Pour analyser les rapports de pouvoir au sein des interactions communicatives, Catherine Kerbrat-Orecchioni propose le concept de « taxème »: construit à partir de l’étymon grec taxis (« place »), le terme désigne tout fait sémiotique valant à la fois comme « indicateur » de place et comme « donneur » de place, fonctionnant donc comme marqueur de position haute ou basse 136 . En termes d’analyse taxémique, l’interaction de répétition présente une très forte dimension inégalitaire : le metteur en scène jouit à l’évidence d’une position haute liée à sa fonction (il dirige le travail, et se trouve être, indirectement, l’employeur de praticiens qu’il a choisis et dont il est libre de se défaire), mais aussi éventuellement à sa position institutionnelle (lorsqu’il dirige la structure qui sert de cadre à la création). Lorsqu’en outre il jouit d’une certaine notoriété, que son âge et son expérience l’auréolent d’un savoir-faire reconnu, il se confond avec une figure de l’autorité difficilement contestable. Cette position « haute » du metteur en scène se traduit par le rôle interlocutif qui est le sien : il est responsable de la forme de l’interaction, en imposant une langue et un style, responsable de la structuration des échanges, dans laquelle il occupe très majoritairement la position émettrice, c’est à lui que reviennent la responsabilité de l’initiative des thèmes, ainsi que la responsabilité décisionnelle... Il peut encore être facilement l’auteur d’interruptions violatives, de poursuites autoritaires, et son discours enfin se caractérise par la surreprésentation d’actes de langage de type injonctif (ordre, interdiction, conseil, autorisation, suggestion) ou évaluatifs (critique, raillerie, invective, blâme, reproche...) qui sont tous des taxèmes de position haute.

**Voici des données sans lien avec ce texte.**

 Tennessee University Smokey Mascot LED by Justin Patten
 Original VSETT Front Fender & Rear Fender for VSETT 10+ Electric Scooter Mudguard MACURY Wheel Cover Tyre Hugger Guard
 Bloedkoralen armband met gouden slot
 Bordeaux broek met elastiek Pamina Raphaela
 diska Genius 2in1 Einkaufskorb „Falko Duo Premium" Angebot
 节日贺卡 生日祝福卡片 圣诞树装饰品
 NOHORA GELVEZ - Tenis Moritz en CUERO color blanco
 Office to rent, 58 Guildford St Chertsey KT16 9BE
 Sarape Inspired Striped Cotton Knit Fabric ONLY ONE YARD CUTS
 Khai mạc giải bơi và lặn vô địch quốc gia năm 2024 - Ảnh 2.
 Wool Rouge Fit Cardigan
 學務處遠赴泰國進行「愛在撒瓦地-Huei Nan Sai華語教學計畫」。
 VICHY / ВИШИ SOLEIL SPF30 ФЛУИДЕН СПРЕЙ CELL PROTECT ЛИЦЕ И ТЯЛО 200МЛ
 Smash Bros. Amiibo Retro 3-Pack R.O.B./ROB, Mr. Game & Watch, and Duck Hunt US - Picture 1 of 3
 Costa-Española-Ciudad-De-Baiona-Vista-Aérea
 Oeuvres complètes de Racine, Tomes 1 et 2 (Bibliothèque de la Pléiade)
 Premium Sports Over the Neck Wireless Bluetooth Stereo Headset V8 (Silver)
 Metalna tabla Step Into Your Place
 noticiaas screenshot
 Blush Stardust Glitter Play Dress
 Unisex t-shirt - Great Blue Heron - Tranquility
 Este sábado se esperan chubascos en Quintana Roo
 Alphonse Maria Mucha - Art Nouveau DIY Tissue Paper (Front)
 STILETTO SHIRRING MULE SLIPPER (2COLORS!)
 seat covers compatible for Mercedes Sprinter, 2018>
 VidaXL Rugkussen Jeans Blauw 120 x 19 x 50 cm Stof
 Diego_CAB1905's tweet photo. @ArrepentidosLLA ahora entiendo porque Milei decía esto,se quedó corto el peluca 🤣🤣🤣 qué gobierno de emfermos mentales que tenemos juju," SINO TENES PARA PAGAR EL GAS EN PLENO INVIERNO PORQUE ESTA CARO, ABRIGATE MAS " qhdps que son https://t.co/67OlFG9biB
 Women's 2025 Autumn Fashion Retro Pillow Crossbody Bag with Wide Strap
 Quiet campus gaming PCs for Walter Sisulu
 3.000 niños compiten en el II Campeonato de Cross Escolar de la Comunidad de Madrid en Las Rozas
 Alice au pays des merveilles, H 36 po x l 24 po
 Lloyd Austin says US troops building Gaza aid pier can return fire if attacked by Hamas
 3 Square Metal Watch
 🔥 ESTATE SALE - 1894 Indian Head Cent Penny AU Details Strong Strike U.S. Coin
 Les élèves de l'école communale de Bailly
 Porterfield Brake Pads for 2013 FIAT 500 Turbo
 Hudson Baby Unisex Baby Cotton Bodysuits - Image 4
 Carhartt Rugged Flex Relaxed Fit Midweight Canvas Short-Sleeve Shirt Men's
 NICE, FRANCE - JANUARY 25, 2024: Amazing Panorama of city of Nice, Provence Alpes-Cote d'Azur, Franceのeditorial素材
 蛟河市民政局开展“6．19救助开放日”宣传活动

À ces taxèmes, il faut enfin ajouter la fonction poétique de sa position : instigateur du spectacle, responsable de tous les choix qui détermineront sa forme, il est l'inventeur d'un monde, créateur volontiers tenté de s'abandonner à l'omnipotence démiurgique : Patrice Chéreau dessine ainsi le portrait de ce despote que chaque metteur en scène risque de devenir, avec le temps :

‘Le risque c’est de devenir de plus en plus con. Il y a des exemples, ça c’est vu. Devenir très imbu de soi-même, parce que on recrée un monde sur le plateau et on se met à penser qu’on a tous les pouvoirs, implicitement on se met à penser qu’on a tous les pouvoirs. D’abord on risque de penser que le monde qu’on crée sur le plateau est plus intéressant que le vrai qui est à l’extérieur, il faut quand même rester relativement modeste... À force d’interrompre tout le temps on prend des mauvaises habitudes, hein, à force d’interrompre tout le monde, tout le temps, en disant « non pas ça pas ça. ».. 137
Notes
136.

C. Kerbrat-Orecchioni: Les interactions verbales, Tome II: « La relation interpersonnelle et la politesse dans les interactions verbales », Paris, Armand Colin, 1992, p. 75.

137.

Propos recueillis par Fabienne Pascaud dans Portrait de Patrice Chéreau.